As a longstanding partner to jurisdictions across the country, Gemalto has leveraged its combined expertise in the driver’s license (DL) and identification (ID) sector, along with its strong position as a global leader in digital and mobile technology. As states and government entities shift toward digital ID strategies, the NIST funded pilot is an opportunity to set the precedent for mobile driver’s license security and frameworks moving forward.
“We are pleased to engage in this multi-year pilot program designed to address the many different opportunities surrounding digital identities,” said Katerina Megas, NSTIC Pilots Program Manager at NIST. “The digital driver’s license solution Gemalto presented embodies the NSTIC1 Guiding Principles surrounding trusted identities in cyberspace. Our goal is to work with organizations to determine the best technology and implementation strategy that will maintain both citizen privacy and security.”
Gemalto recognizes the continued trend towards consumer mobility and digital dependence, and will guide states as they address this digital transformation with a DL option for their mobile-first citizens. This mobile movement is especially prevalent among the next generation of drivers and the massive millennial demographic. According to a 2015 Pew Research Study, 86 percent of people aged 18 to 29 have a smartphone. Issuing agencies are looking to target this group with new technology and provide a supplemental service to its existing client base to meet the needs of a diverse group of drivers.
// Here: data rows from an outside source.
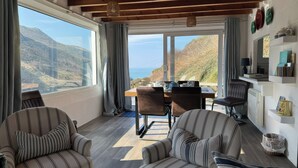 A cozy room with a dining area, two striped armchairs, a wooden ceiling, and a view of the mountains.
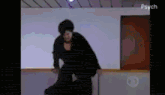 a woman in a black dress is dancing in a room with the words psych on the bottom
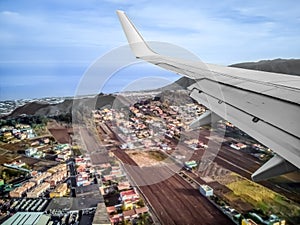 Airplane flying over the town and fields in Tenerife, Spain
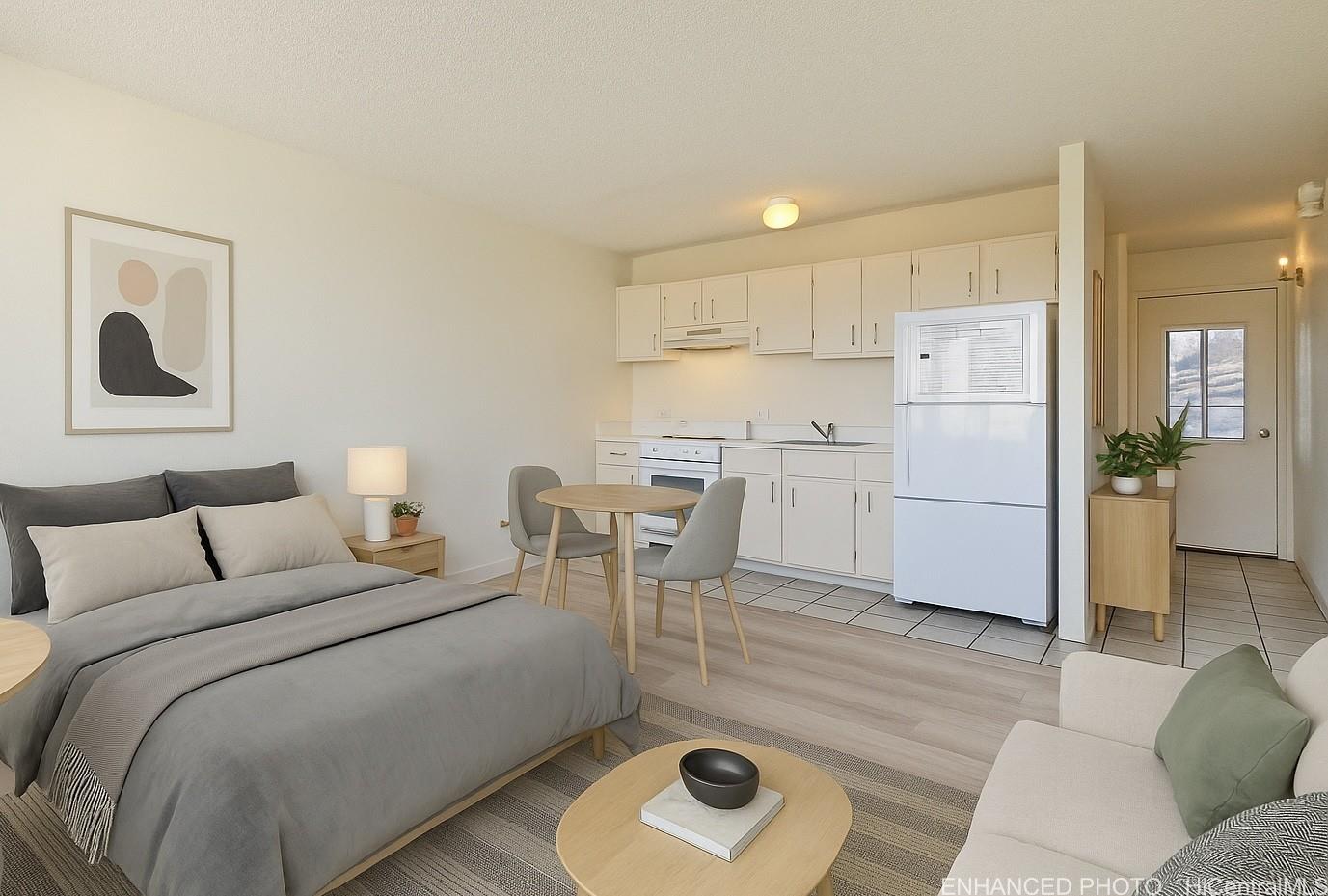 3045 Ala Napuaa Place, Unit 1613 Honolulu, HI 96818 - Photo 4 of 20 a living room with furniture and a rug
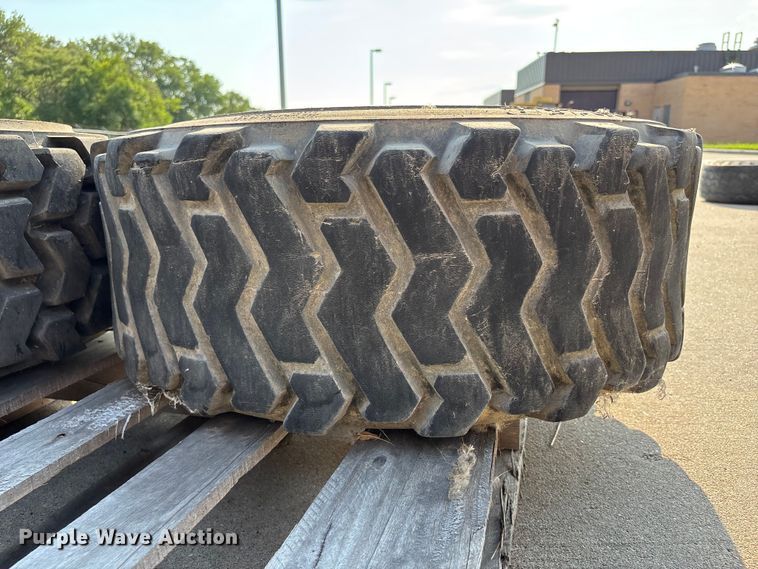 image for item NM9922 (4) 12-16.5 tires and wheels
The digital driver’s license serves as a secure, companion version of the physical ID card. The pilot will address four main use cases including enrollment, updates to the document once it’s in the field, attribute sharing and law enforcement. The mobile license will enable new security features, coupled with advanced in-field verification, as well as allow for enhanced privacy for citizens through better control of personal information.
“Gemalto understands that each jurisdiction will have unique needs and experience different challenges throughout implementation,” said Steve Purdy, VP of State Identity Programs at Gemalto. “The collaborative nature of this project will enable us to quickly identify use-case best practices and lessons learned, share those, and refine the solution in a more comprehensive and efficient way. It brings not only the ability to serve individual jurisdiction needs, but the strength of working together cooperatively with a common goal.”